AIM OF THE TASK: Repeat exactly the lines below that lie between the line with "Bhabhi ko eddi ma Lun dia hindi audio Xvideo" and the line with "財經：國際油價顯著上漲，市場反應熱烈", counting both of those lines as part of the answer.

Short text fragments from websites
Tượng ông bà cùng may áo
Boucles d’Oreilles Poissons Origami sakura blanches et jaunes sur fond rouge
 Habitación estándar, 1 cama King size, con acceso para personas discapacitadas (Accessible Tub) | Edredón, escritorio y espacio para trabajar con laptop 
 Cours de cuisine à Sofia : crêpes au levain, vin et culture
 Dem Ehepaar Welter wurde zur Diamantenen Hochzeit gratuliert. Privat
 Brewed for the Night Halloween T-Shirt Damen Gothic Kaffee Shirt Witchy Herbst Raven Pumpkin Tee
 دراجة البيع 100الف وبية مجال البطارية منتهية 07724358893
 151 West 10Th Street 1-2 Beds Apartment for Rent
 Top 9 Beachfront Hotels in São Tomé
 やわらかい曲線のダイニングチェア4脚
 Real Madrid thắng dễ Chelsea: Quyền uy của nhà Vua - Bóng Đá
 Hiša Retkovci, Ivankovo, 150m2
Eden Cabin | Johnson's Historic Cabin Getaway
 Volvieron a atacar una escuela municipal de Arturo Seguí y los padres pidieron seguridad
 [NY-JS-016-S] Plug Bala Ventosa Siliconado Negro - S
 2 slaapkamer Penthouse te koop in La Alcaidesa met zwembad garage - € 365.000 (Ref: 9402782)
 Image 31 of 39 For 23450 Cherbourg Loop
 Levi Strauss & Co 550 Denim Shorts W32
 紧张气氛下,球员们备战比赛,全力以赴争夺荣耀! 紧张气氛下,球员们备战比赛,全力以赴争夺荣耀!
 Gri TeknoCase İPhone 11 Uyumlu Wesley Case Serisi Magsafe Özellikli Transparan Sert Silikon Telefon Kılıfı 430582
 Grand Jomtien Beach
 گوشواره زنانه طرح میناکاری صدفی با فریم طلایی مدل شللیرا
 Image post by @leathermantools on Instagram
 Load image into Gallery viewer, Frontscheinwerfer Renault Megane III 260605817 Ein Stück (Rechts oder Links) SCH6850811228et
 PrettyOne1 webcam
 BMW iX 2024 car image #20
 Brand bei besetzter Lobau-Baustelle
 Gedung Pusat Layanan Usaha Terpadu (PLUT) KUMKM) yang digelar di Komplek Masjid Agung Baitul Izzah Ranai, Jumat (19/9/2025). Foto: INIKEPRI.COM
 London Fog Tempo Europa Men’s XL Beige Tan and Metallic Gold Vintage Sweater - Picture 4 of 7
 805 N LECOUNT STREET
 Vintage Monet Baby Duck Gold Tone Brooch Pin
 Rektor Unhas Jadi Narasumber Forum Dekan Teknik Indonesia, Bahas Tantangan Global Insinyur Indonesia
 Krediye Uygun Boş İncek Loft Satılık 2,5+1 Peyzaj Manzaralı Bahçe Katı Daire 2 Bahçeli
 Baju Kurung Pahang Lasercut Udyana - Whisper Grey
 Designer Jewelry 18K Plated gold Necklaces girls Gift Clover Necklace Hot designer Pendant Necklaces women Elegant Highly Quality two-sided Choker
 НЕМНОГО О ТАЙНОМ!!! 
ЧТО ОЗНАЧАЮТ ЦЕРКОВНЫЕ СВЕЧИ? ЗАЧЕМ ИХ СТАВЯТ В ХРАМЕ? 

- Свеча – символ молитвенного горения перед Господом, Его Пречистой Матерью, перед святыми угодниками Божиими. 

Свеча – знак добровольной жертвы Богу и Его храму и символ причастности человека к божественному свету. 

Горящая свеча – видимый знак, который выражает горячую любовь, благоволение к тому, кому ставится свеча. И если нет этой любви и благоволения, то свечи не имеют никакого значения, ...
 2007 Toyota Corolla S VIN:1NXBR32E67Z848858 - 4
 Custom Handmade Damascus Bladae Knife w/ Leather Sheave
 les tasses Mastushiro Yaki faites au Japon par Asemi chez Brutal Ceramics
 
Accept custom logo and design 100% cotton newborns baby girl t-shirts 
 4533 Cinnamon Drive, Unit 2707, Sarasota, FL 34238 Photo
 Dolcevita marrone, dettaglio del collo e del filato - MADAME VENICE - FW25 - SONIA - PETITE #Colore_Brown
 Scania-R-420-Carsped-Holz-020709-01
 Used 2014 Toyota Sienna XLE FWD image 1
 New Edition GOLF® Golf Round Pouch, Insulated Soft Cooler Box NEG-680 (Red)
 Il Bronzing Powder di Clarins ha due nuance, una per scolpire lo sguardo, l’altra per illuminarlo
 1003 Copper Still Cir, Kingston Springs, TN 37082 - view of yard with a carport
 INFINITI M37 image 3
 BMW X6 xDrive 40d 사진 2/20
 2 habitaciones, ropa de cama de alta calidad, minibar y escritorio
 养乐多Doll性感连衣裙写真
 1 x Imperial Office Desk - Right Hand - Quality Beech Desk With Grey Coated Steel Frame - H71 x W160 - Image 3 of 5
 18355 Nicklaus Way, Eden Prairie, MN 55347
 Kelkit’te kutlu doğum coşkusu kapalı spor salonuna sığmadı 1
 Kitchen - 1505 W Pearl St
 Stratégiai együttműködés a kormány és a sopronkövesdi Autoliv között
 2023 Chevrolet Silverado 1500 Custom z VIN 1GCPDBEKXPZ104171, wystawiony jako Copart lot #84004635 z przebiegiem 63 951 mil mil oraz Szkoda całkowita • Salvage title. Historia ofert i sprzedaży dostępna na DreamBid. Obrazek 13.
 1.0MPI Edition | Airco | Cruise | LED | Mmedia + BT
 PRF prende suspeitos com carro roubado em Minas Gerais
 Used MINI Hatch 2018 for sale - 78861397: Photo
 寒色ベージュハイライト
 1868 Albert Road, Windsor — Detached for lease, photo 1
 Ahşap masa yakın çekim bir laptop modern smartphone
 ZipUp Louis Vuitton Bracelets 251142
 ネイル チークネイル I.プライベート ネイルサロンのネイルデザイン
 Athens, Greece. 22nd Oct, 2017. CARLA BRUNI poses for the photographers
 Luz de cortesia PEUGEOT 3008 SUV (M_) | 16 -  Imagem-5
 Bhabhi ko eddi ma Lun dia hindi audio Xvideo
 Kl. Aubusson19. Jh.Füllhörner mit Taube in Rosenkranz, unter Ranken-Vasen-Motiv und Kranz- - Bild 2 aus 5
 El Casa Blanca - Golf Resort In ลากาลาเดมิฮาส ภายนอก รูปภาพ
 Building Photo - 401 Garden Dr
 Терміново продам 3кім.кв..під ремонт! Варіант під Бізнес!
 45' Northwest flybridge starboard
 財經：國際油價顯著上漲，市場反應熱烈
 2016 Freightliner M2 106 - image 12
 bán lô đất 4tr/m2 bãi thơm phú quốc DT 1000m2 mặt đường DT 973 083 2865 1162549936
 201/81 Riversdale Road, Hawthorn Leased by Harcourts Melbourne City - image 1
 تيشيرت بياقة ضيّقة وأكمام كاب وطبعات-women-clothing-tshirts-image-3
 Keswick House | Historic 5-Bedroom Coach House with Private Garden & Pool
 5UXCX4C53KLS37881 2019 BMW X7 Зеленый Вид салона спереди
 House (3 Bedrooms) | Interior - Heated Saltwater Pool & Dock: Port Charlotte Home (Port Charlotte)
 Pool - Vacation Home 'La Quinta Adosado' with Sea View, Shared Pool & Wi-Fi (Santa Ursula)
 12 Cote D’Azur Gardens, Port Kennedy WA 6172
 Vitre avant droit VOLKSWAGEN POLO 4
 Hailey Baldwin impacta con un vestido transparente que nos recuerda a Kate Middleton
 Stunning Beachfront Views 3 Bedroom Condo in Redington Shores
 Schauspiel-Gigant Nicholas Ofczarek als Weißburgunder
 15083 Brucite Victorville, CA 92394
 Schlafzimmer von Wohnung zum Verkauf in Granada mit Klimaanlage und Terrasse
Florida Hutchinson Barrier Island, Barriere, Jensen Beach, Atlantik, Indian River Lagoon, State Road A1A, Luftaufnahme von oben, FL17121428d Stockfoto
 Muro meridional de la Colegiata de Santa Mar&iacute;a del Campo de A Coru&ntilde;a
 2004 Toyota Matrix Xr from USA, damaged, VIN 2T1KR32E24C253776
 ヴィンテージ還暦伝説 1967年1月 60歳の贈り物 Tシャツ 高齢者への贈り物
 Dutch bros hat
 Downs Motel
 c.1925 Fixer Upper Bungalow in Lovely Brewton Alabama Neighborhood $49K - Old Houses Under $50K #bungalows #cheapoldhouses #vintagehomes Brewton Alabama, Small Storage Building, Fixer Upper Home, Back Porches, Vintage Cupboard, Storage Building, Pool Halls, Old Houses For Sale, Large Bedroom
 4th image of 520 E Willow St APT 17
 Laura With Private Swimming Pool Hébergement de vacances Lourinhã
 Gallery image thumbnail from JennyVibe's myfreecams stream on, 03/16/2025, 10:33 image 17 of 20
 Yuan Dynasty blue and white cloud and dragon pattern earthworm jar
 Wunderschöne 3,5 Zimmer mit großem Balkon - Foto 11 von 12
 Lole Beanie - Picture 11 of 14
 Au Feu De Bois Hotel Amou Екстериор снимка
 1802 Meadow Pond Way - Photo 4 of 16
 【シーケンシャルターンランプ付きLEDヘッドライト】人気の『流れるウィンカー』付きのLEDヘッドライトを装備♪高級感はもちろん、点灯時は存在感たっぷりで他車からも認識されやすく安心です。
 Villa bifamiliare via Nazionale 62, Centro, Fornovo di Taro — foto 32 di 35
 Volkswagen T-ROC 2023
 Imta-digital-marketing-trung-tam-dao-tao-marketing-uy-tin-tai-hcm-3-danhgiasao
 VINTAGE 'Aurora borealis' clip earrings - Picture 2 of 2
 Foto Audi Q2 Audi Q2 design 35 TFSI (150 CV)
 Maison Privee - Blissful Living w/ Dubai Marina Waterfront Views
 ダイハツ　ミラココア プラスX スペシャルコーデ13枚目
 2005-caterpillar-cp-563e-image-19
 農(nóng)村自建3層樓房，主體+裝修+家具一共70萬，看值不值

RESPONSE BELOW:
 Bhabhi ko eddi ma Lun dia hindi audio Xvideo
 Kl. Aubusson19. Jh.Füllhörner mit Taube in Rosenkranz, unter Ranken-Vasen-Motiv und Kranz- - Bild 2 aus 5
 El Casa Blanca - Golf Resort In ลากาลาเดมิฮาส ภายนอก รูปภาพ
 Building Photo - 401 Garden Dr
 Терміново продам 3кім.кв..під ремонт! Варіант під Бізнес!
 45' Northwest flybridge starboard
 財經：國際油價顯著上漲，市場反應熱烈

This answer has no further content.